*Problem statement*
Copy word for word the lines of the records below, beginning at the one with "Kia Sportage 2021 — ფოტო 14/20" and finishing at the one with "23). Spacious, unfurnished", ends included, but none of the pictures.

*Supplied material*
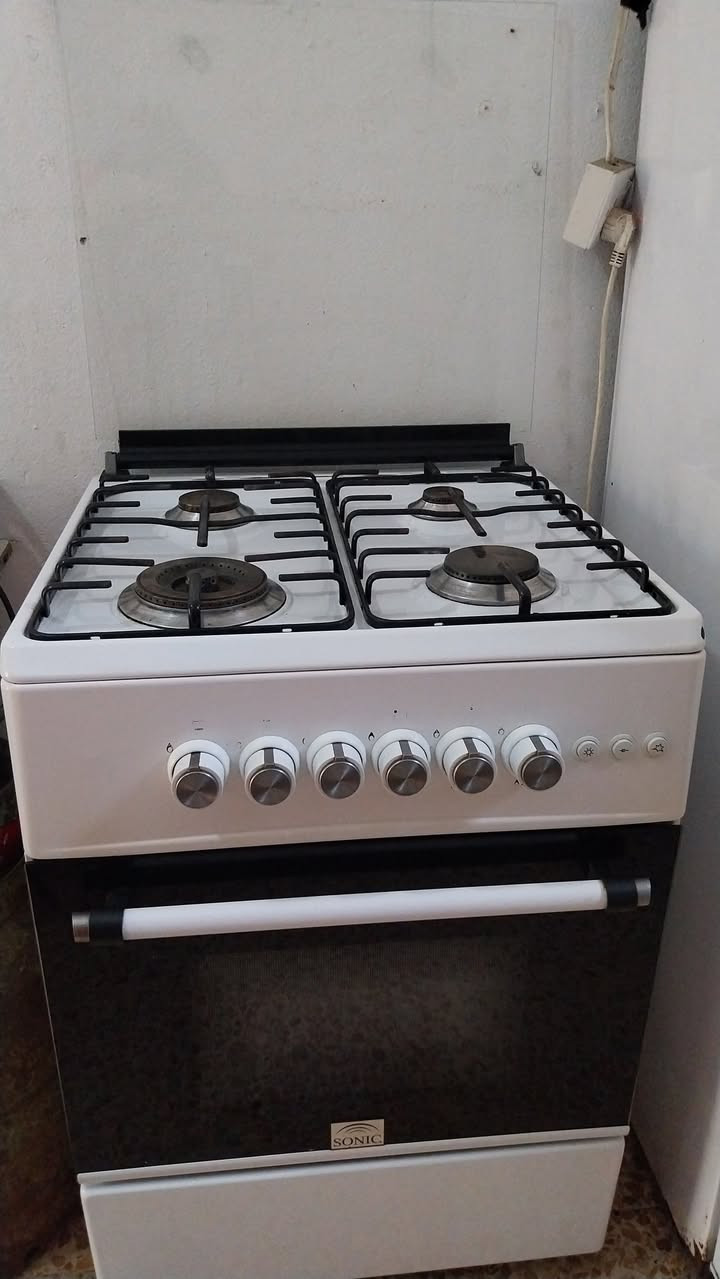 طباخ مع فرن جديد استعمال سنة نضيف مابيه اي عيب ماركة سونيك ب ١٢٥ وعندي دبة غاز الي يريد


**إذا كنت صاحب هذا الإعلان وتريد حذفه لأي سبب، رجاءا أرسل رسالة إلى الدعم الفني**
--
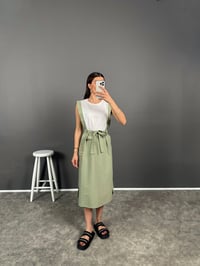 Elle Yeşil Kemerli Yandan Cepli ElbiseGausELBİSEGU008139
* * *
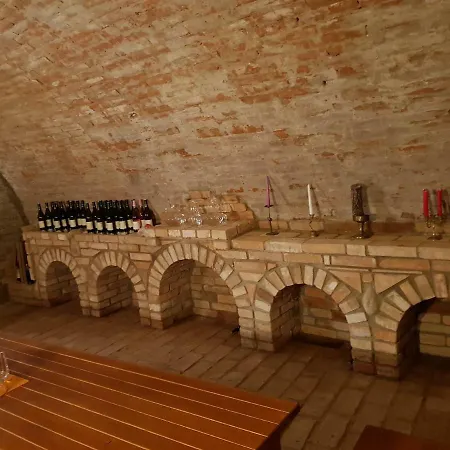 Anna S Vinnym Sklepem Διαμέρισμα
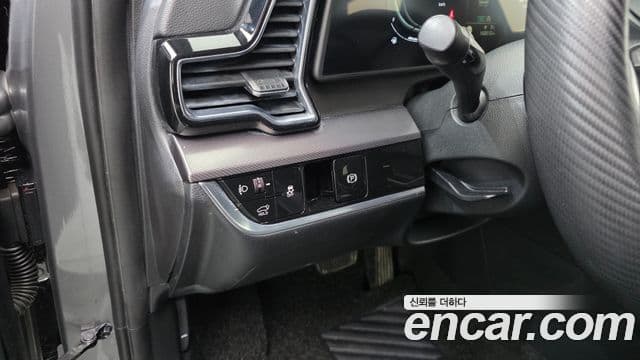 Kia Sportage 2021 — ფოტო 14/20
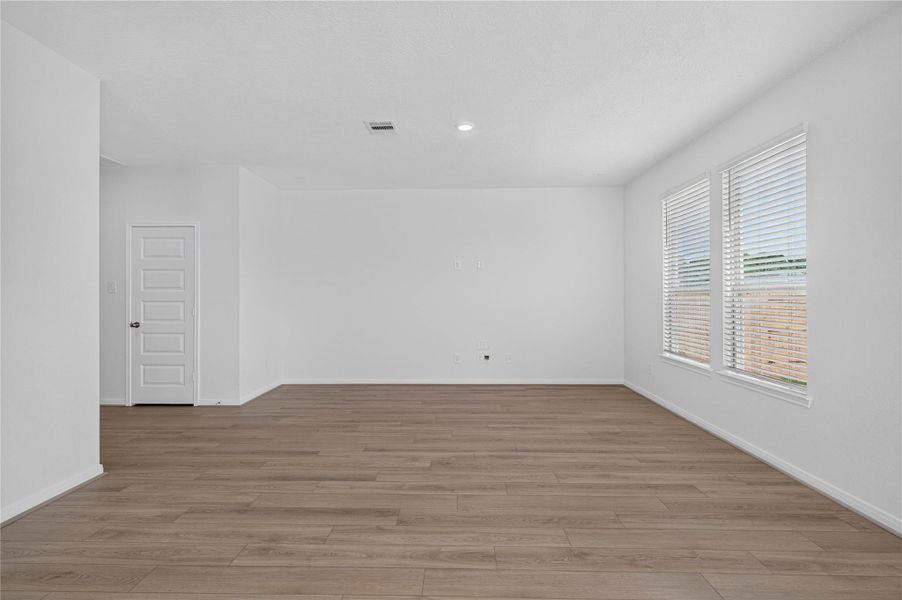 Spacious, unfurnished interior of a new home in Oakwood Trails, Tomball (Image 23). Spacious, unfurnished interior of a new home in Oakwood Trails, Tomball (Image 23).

*Exercise answer*
 Kia Sportage 2021 — ფოტო 14/20
 Spacious, unfurnished interior of a new home in Oakwood Trails, Tomball (Image 23). Spacious, unfurnished interior of a new home in Oakwood Trails, Tomball (Image 23).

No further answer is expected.